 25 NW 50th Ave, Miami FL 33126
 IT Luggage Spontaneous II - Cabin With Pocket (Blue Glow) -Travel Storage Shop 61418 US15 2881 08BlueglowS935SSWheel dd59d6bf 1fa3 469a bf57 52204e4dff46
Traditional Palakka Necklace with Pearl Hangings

◆ ◆ ◆

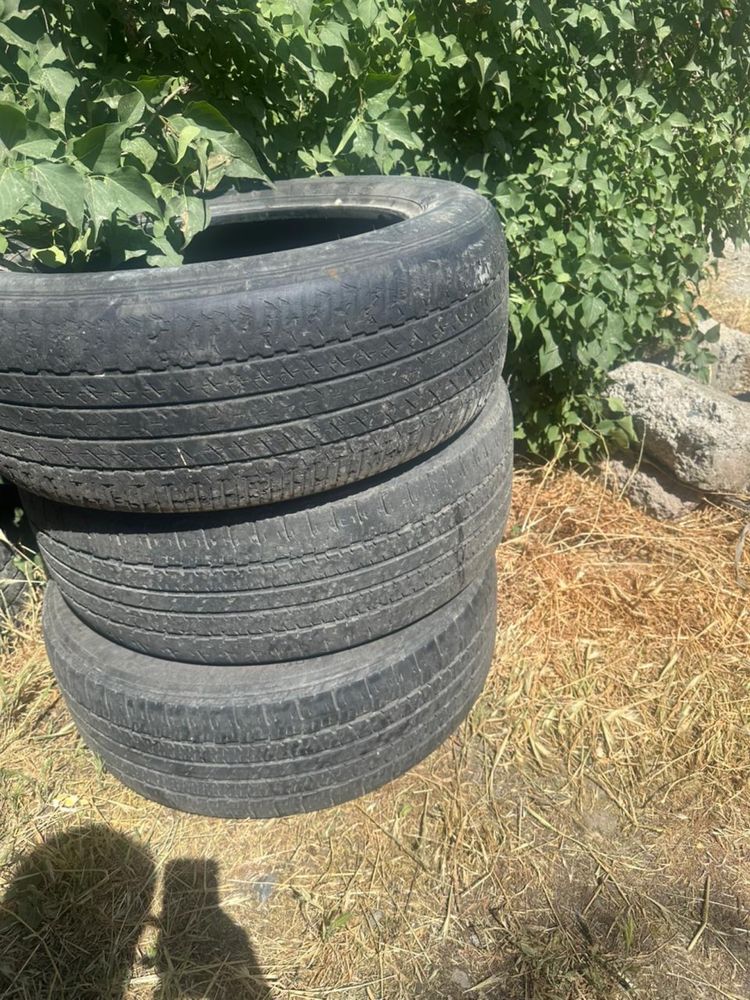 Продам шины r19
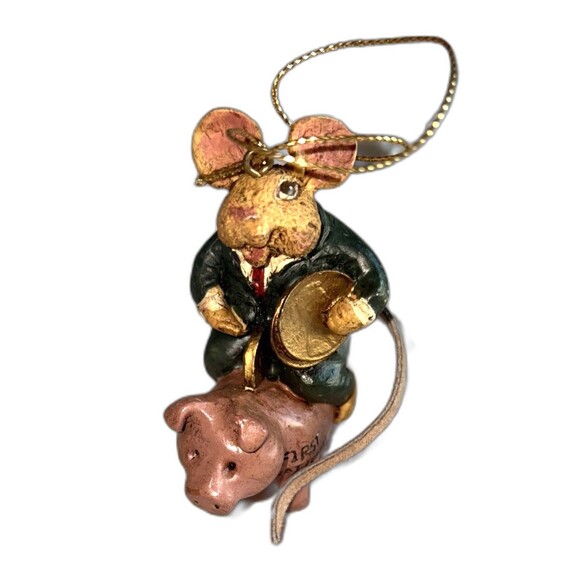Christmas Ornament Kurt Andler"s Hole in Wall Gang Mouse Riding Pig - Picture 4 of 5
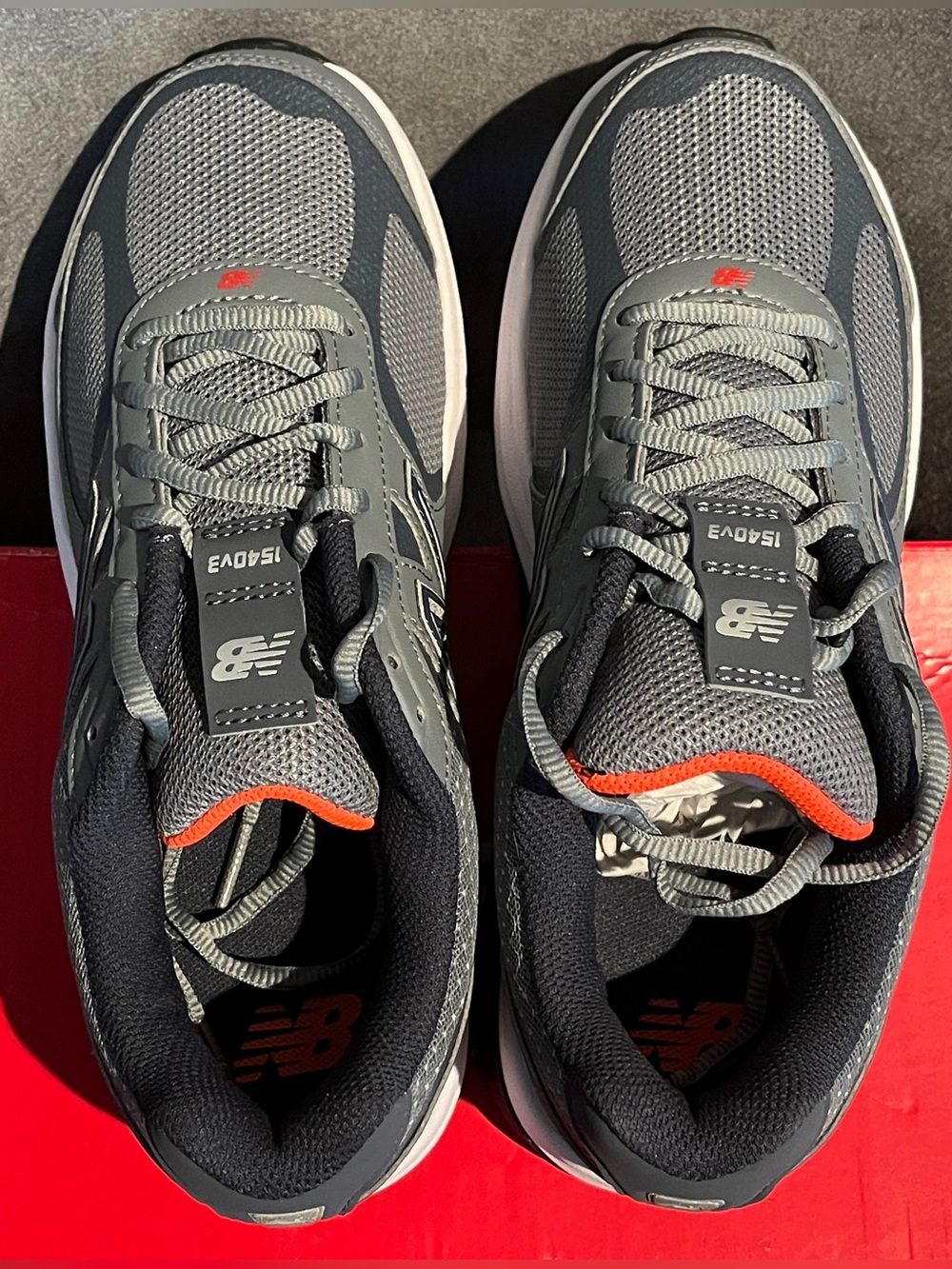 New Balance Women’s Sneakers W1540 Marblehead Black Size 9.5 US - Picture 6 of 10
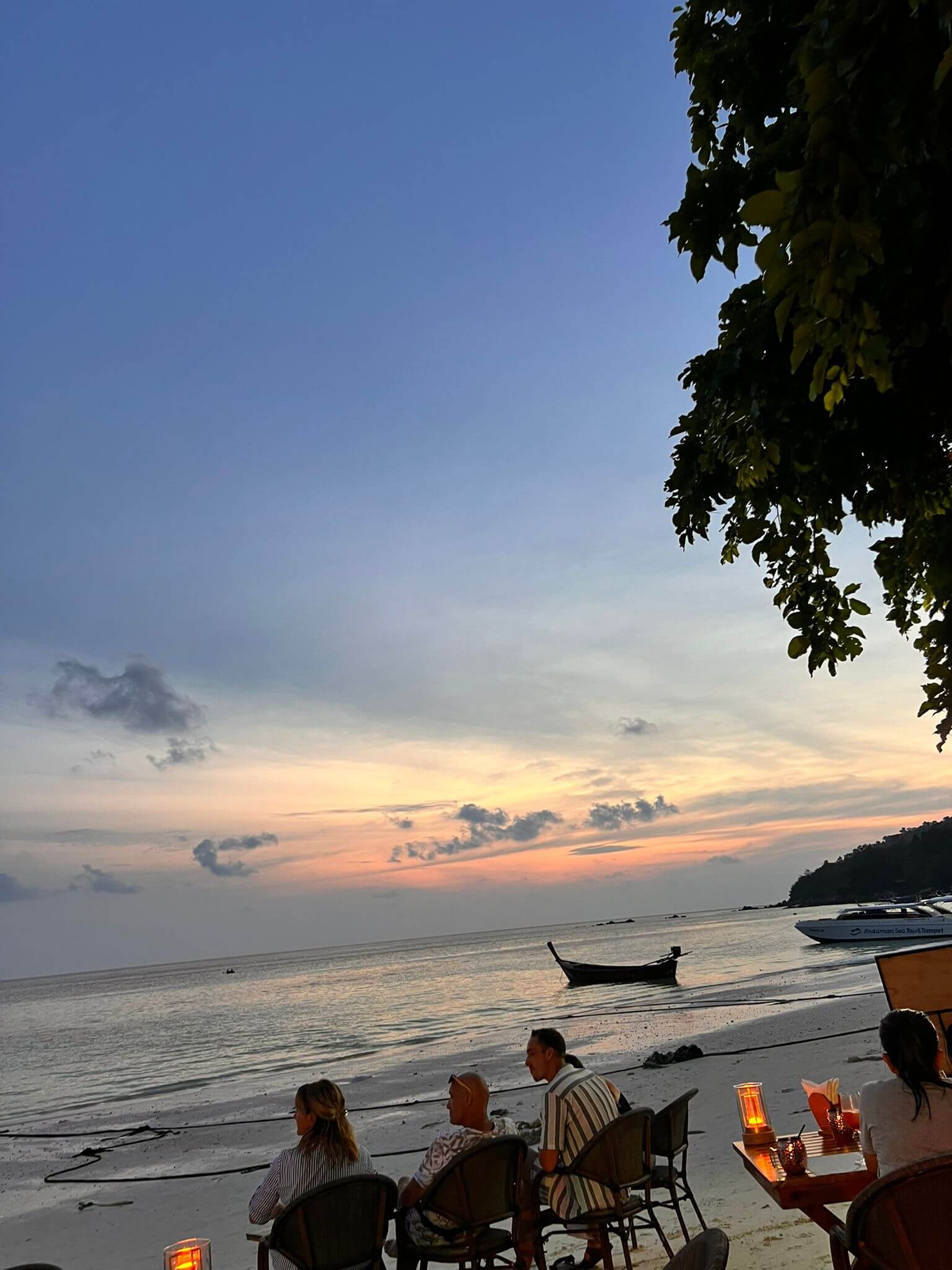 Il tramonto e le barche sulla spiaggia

◆ ◆ ◆

What the exercise asks.
The required output is every line above from the one with "25 NW 50th Ave, Miami FL 33126" down to the one with "Traditional Palakka Necklace", restated word for word, ends included.

Solution to the exercise.
 25 NW 50th Ave, Miami FL 33126
 IT Luggage Spontaneous II - Cabin With Pocket (Blue Glow) -Travel Storage Shop 61418 US15 2881 08BlueglowS935SSWheel dd59d6bf 1fa3 469a bf57 52204e4dff46
Traditional Palakka Necklace with Pearl Hangings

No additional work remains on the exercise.